Des roses blanches pour Eunice, une femme prostituée victime de féminicide

Ce n’est pas la vie qu’elles avaient rêvée, Eunice et ses copines, quand elles ont quitté le Nigéria, leur famille, leurs ami·es et un avenir sans issue pour se lancer dans le long voyage à travers le désert, puis la Méditerranée, vers ce qu’elles croyaient être l’« eldorado » européen. Pour Eunice, le rêve s’est achevé à 23 ans, une nuit de juin, devant une « carrée » de Saint-Josse, sous les coups de couteau d’un agresseur ; l’homme n’a pas été retrouvé. axelle a assisté, dans la foule, à l’hommage solidaire qui était rendu à la jeune femme ce jeudi 13 juin.

CC T.Kiya

Ce 13 juin, les proches d’Eunice lui rendaient un bref hommage, soutenues par l’UTSOPI (Union des Travailleu®ses du Sexe organisé(e)s pour l’Indépendance), l’association Espace P, qui travaille avec les prostituées, et le comité de quartier “Dupont plus Verte” (dont la présence est à souligner, les relations entre prostituées et riverain·es n’étant pas toujours des plus faciles). Des dizaines d’autres personnes étaient aussi venues marquer leur solidarité. Pas de pancartes, juste une banderole proclamant « We need care, not violence » ; pas de revendications, juste des chants religieux et traditionnels nigérians ; pas de discours, juste des roses blanches déposées devant la photo d’Eunice. Beaucoup de caméras, d’appareils photo, de journalistes, comme si l’on découvrait tout à coup une réalité qu’on voudrait tant pouvoir ignorer.

Ce matin, ce n’était pas le moment de se plonger dans le débat de fond sur la prostitution. Quelle que soit la position que l’on défend, on peut être d’accord sur quelques points : c’est un milieu où les violences peuvent venir de partout – de la part des clients évidemment, et des proxénètes, mais aussi des riverains ou de la Police ; où se croisent sexe, race et classe en une sorte de « précarité intersectionnelle » ; où l’on retrouve, sous forme concentrée, de grandes problématiques comme la migration – beaucoup de ces femmes sont sans papiers –, la misère et, bien sûr, tout le continuum des violences faites aux femmes. Il y a un mois à peine, c’est Laura, roumaine, qui était tuée par un « client mécontent » à Etterbeek…
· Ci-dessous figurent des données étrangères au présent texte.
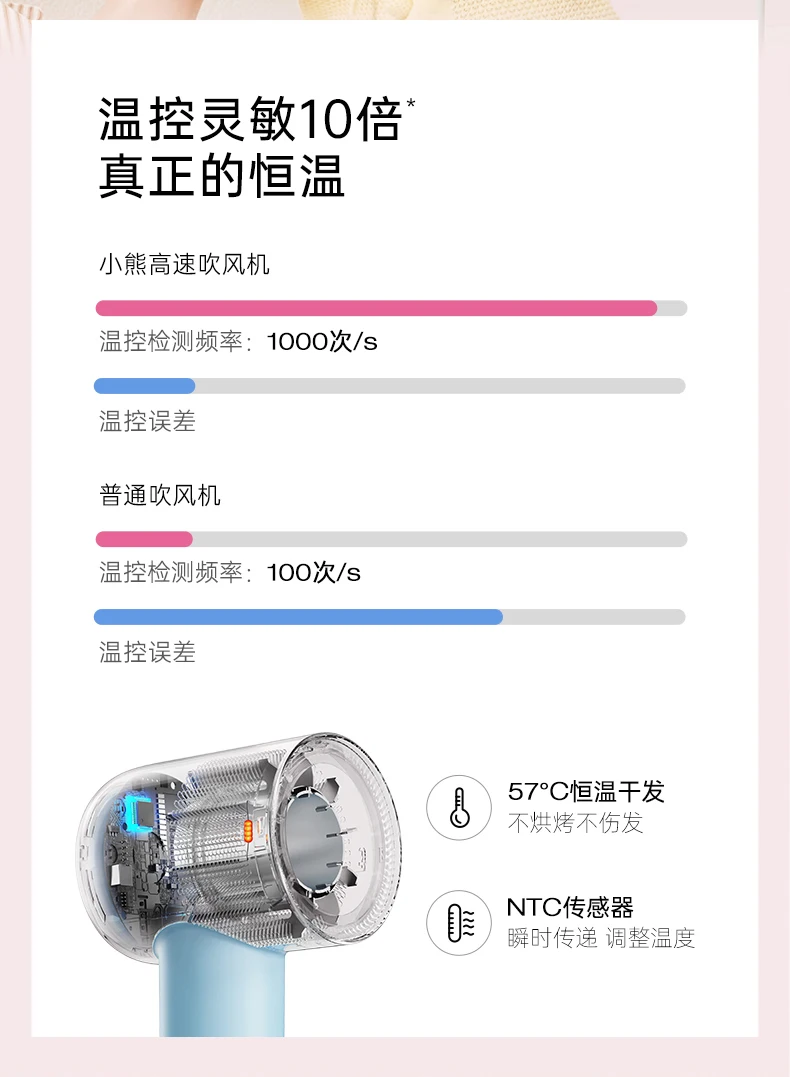 Description Picture 6 of itemHigh-Speed Electric Hair Dryer Negative Ion Strong Wind Speed Dry Thermostatic Hair Care Hair Dryer Machine Dormitory Gift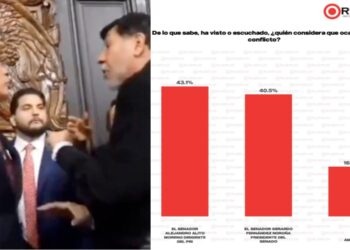 Encuesta de Rubrum sobre altercado físico entre Alejandro Moreno y Gerardo Fernández Noroña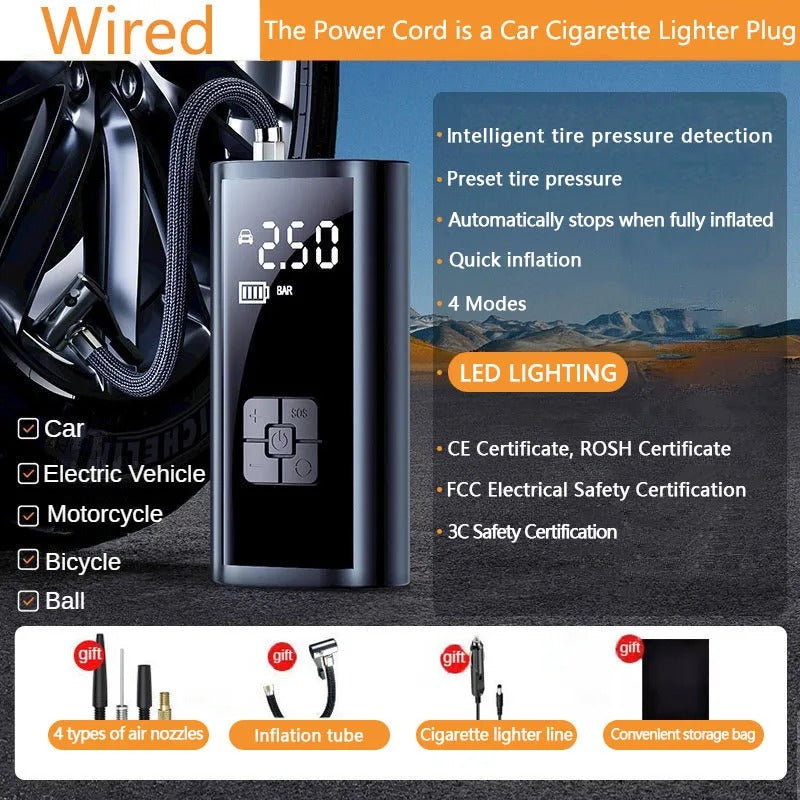 Portable Air Compressor – Fast Tire Inflator Pump
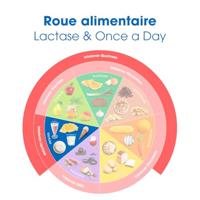 Intoleran Once A Day Capsules - thumbnail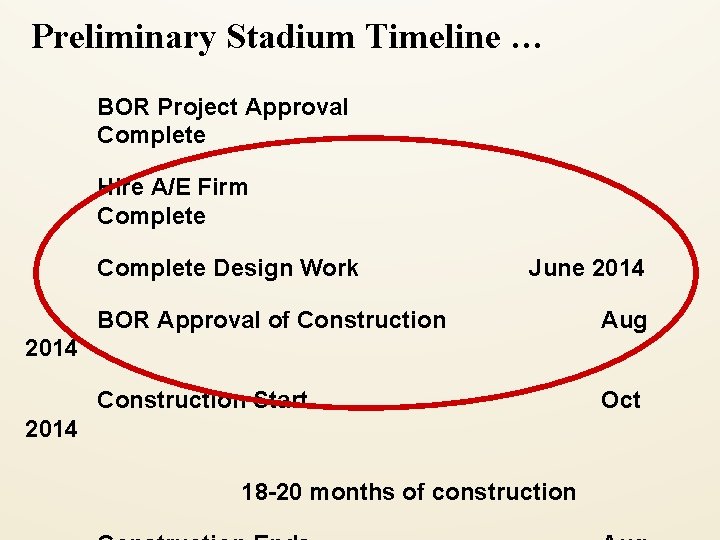 Preliminary Stadium Timeline … BOR Project Approval Complete Hire A/E Firm Complete Design Work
Mais cette fois, la réaction a été immédiate : après le meurtre d’Eunice, ses collègues du quartier ont organisé une « grève des vitrines ». Il faut dire que l’inquiétude est grande, d’abord face à l’insécurité : au cœur de la marche, plusieurs femmes prostituées témoignaient de leur peur, surtout la nuit, l’une d’elles ne se sentant protégée que par son chien… Par ailleurs, d’une façon générale – et, pour certain·es, encore davantage lorsque cela concerne des femmes prostituées –, la Police ne joue pas son rôle et ne protège pas suffisamment les femmes victimes de violences. Tout cela dans le contexte des projets de la commune de Saint-Josse, qui a décidé la fermeture de toutes les vitrines dès 2019, sans proposer de réelles solutions.

Ces violences s’inscrivent aussi dans le cadre plus large des violences faites aux femmes, que ce soit dans la rue, au travail ou dans le cercle le plus intime. Depuis le début de l’année, le blog Stop Féminicide a déjà recensé 19 femmes victimes de féminicide en Belgique. Elles s’appelaient Eunice, Julie, Oumou, Rita. Elles avaient entre 21 et 62 ans. Elles vivaient à Schaerbeek, Herstal ou Veurne. Elles étaient étudiante, prostituée, employée, femme au foyer ; elles ont été tuées, parce qu’elles étaient des femmes.